__INPUT DATA__
= Beginning of Section =

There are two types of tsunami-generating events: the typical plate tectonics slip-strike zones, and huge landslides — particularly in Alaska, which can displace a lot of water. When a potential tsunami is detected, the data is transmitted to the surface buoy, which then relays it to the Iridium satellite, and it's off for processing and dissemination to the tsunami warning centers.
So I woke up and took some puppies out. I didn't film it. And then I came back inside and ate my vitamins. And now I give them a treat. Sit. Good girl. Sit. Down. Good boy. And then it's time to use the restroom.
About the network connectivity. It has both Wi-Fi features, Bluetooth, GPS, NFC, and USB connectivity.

= End of Section =
= Beginning of Section =

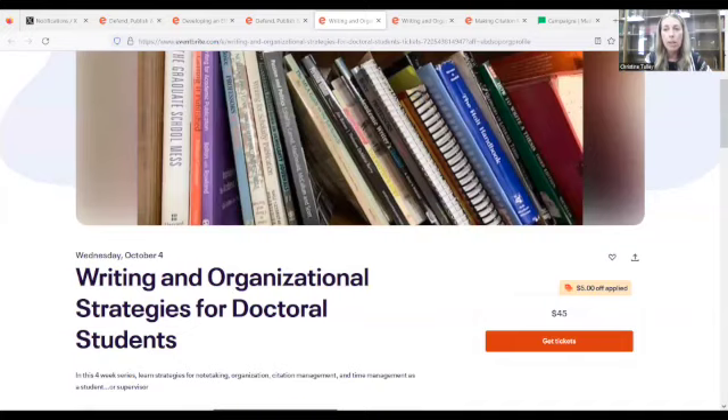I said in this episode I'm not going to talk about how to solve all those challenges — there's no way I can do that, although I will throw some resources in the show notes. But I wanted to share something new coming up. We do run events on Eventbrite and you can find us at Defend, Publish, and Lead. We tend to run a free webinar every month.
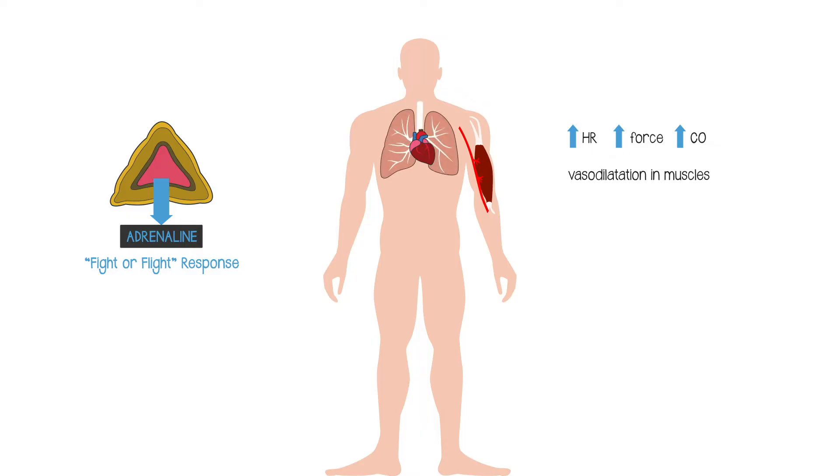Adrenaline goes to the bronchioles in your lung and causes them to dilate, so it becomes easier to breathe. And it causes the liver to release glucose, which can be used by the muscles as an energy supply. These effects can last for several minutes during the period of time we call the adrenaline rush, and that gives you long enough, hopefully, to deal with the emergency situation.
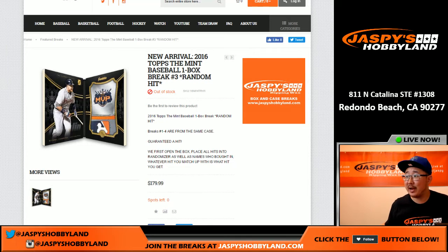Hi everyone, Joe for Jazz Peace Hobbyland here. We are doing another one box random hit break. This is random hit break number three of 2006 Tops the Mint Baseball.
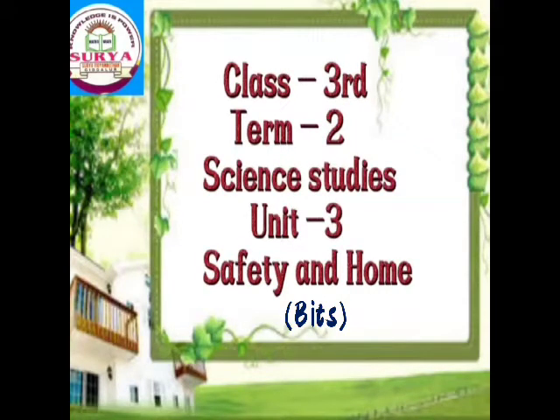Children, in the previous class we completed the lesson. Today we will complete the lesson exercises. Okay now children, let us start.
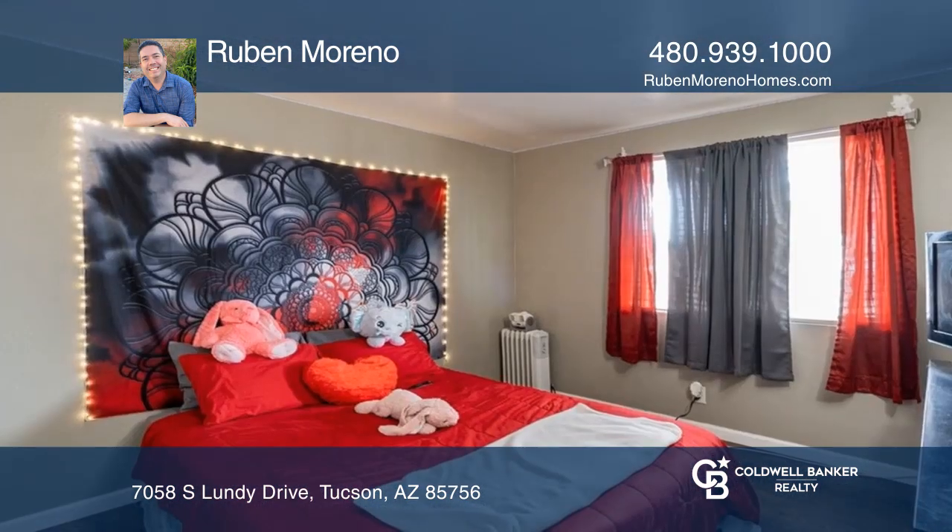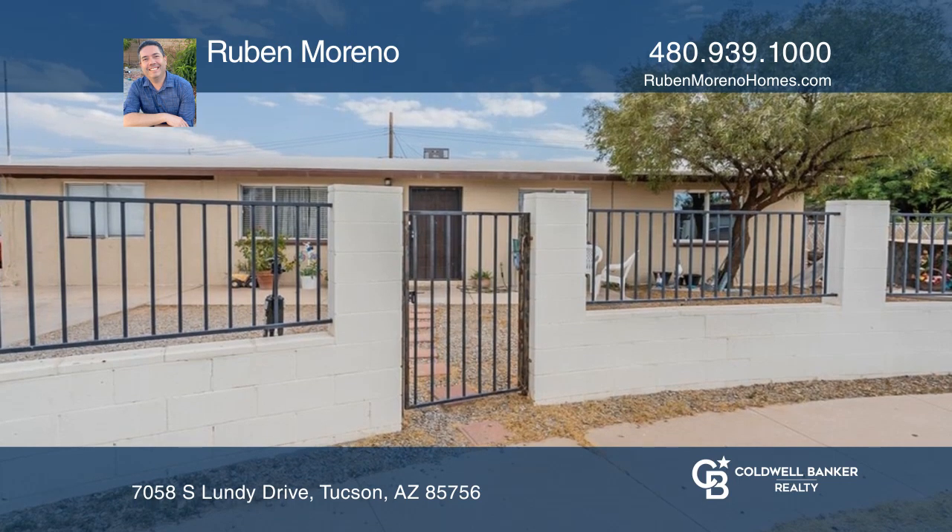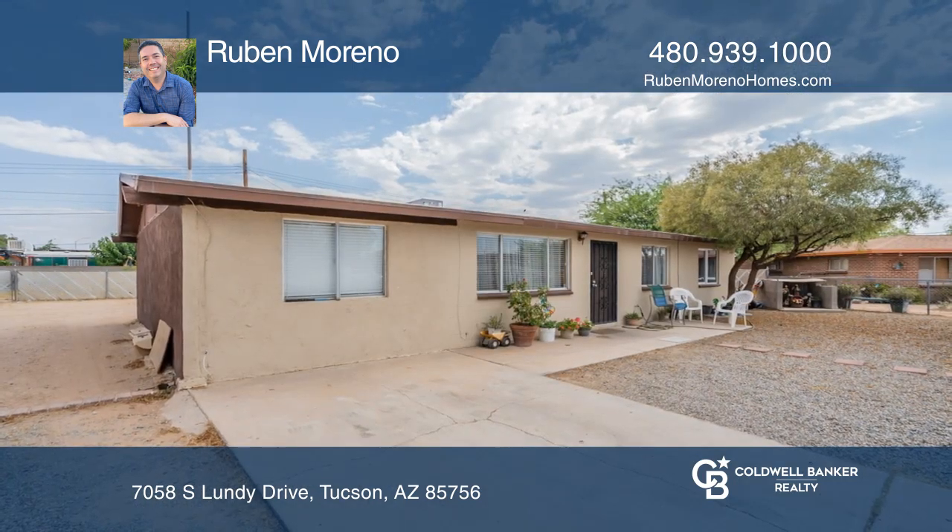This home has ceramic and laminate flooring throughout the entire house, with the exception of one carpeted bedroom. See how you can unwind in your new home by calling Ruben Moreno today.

= End of Section =

__WHAT IS EXPECTED__
Set down, unchanged, only those lines above that fall between the line with "There are two" and the line with "About the network", the two end lines included.

__RESULT FOR THIS TASK__
There are two types of tsunami-generating events: the typical plate tectonics slip-strike zones, and huge landslides — particularly in Alaska, which can displace a lot of water. When a potential tsunami is detected, the data is transmitted to the surface buoy, which then relays it to the Iridium satellite, and it's off for processing and dissemination to the tsunami warning centers.
So I woke up and took some puppies out. I didn't film it. And then I came back inside and ate my vitamins. And now I give them a treat. Sit. Good girl. Sit. Down. Good boy. And then it's time to use the restroom.
About the network connectivity. It has both Wi-Fi features, Bluetooth, GPS, NFC, and USB connectivity.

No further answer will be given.